Challenge #1: Virtual Car iPhone

First up, an item from Unified’s patent challenge: US1039447.  The priority is ostensibly April 15, 2010 (I didn’t check the provisional filing to verify, so it may be later).  So we need to 1) find a relevant asset before that date that 2) didn’t appear in the Examiner’s search history.  A handful of results emerged, including US20110257973 with an (ostensible) priority date of Dec. 5, 2007.

Pretty good, huh?  This was actually one of the first search attempts so it actually took a bit longer than later ones, clocking in around 3 hours.  That was good, though, because: 1) such a search would have taken me a day or days before; and 2) it helped teach me how to optimize the workflow.  Post optimization, I expect it’d have taken around an hour.  It’s hard to compare the new search time with the traditional approach since, now that I have an answer, I know I’ll subconsciously cheat and search to hit it if I use the old approach.

Encouraged, I decided to try another one.

Challenge #2: Prosthetic Finger

US8491666 comes to us from a recently filed infringement action in Southern California a week or so ago. Priority is again ostensibly to Nov. 8 2008 via a foreign predecessor.  So we need something before that date, which is also absent from the Examiner’s search results.  Crunch, crunch, crunch . . . couple hits but US20050021154 has foreign priority to Aug. 27 2001.

Not bad, right?  This was about ~1 hour of searching.  Before that, I expect it would have taken me at least 4-10 hours, probably much longer, to have found, but again, can’t say for sure.

So at this point, it was getting exciting.

Let’s try another one.

Challenge #3: Well Control

US9334701 comes from a Texas action filed last week.  Its priority is a little questionable, being a CIP, but let’s give it the benefit of the doubt like the others and assume it goes all the way back to Oct. 20, 2011. 

The ‘387 shows up after about 1.5 hours of searching and has priority at least to 1997 (though depending on its CIPs possibly 1994 – CIPs suck, don’t file CIPs unless you have to).  I had to take care of some other stuff so couldn’t let it run further. It’s not bad, but it probably needed to run longer. The good news is that this one taught me a lot about my workflow and has led to the creation of an extension to the search tool.  Specifically, if I’m understanding ‘701 properly, I think it has grooves on *both* sides in FIG. 26 (it’s a little hard to tell), while I think ‘387 only has the one side.  That’s not a qualification amenable to a non-semantic approach, so I needed to augment the tool a bit to compensate (I haven’t had a chance to finish the extension).
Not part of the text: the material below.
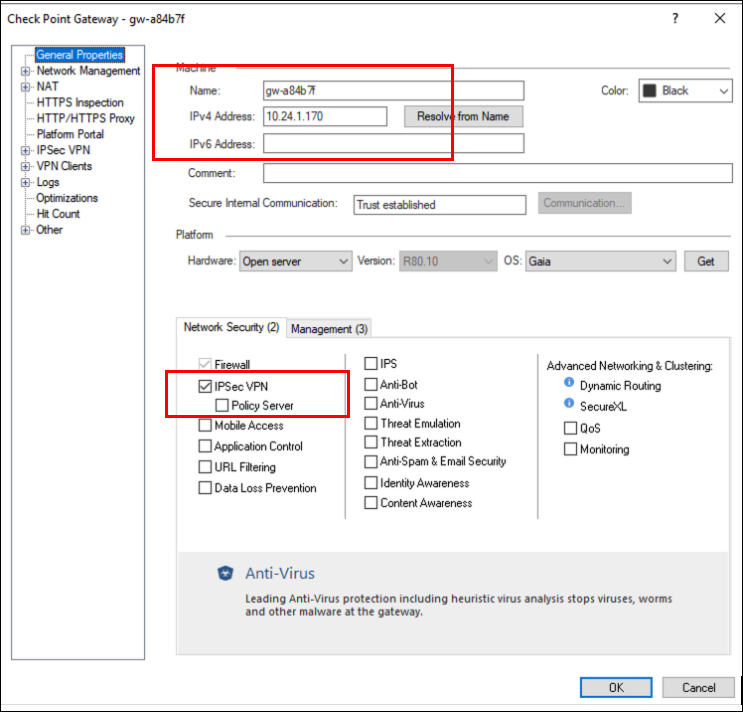 IPsec VPN checkbox selection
I ran a few other tests I won’t bore you with, but all in all, I’ve been quite pleased.  There were 1-2 targets the system utterly failed upon and at first I was a bit frustrated, but – you know what?
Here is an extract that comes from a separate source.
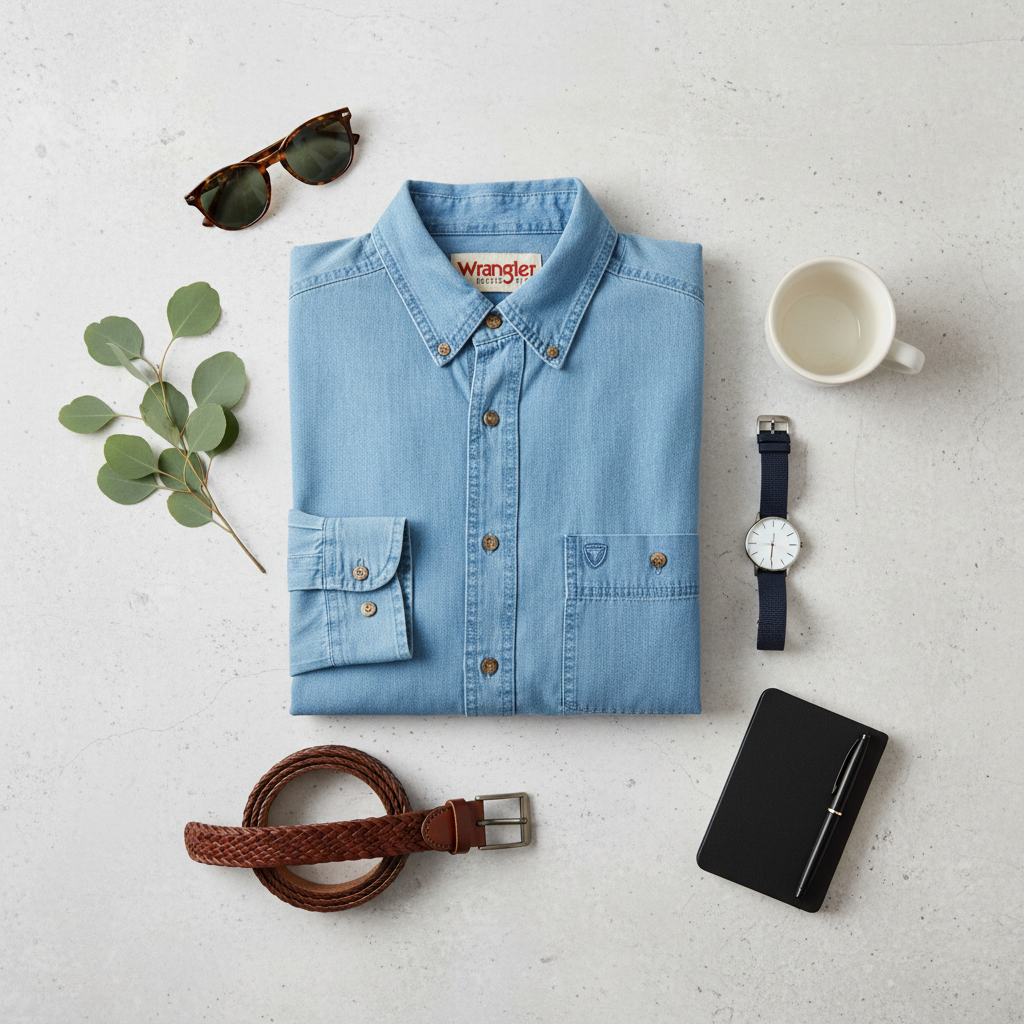 Light Blue Denim Shirt - Social Media Flat Lay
There actually are some proper patents out there, with goofy ideas, that no one even vaguely considered before.

I mentioned my tool to a litigation buddy and, though his response was diplomatic, I gathered he was somewhat appalled by what I was doing. 

“You’re casually finding all these references – isn’t it cruel you don’t send them to counter-parties if they exist? Or at least 1.501 insert them into the files?” 
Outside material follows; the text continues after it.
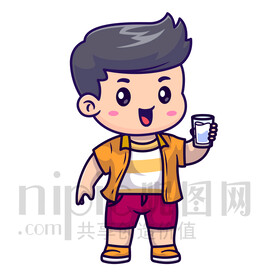 可爱卡通小男孩喝水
There are three reasons I don’t do that: 

  1. As mentioned above I haven’t *formally* claim charted any of these – informal search charting is just to guide the search, not to fulfill a 102/103 analysis.  For all I know, there’s some esoteric comment the claim / file wrapper that makes the simplistic comparisons above specious;
  2. Counter-parties should be masters of their own fate; and
  3. I used to. 

Regarding 3), the universal response was: “Who the devil are you? Go away. No we don’t want to see your silly references.”  I kid you not.

However, in hindsight, that actually makes sense per 2).  If I was handling a matter and some random Silicon Valley attorney offered references for “free” I’d be very suspicious as well.

There’s still more to do – it would be nice to expand to the EPO and other databases, but I’m not sure that’d be feasible.  There are also a ton of features that need to be optimized.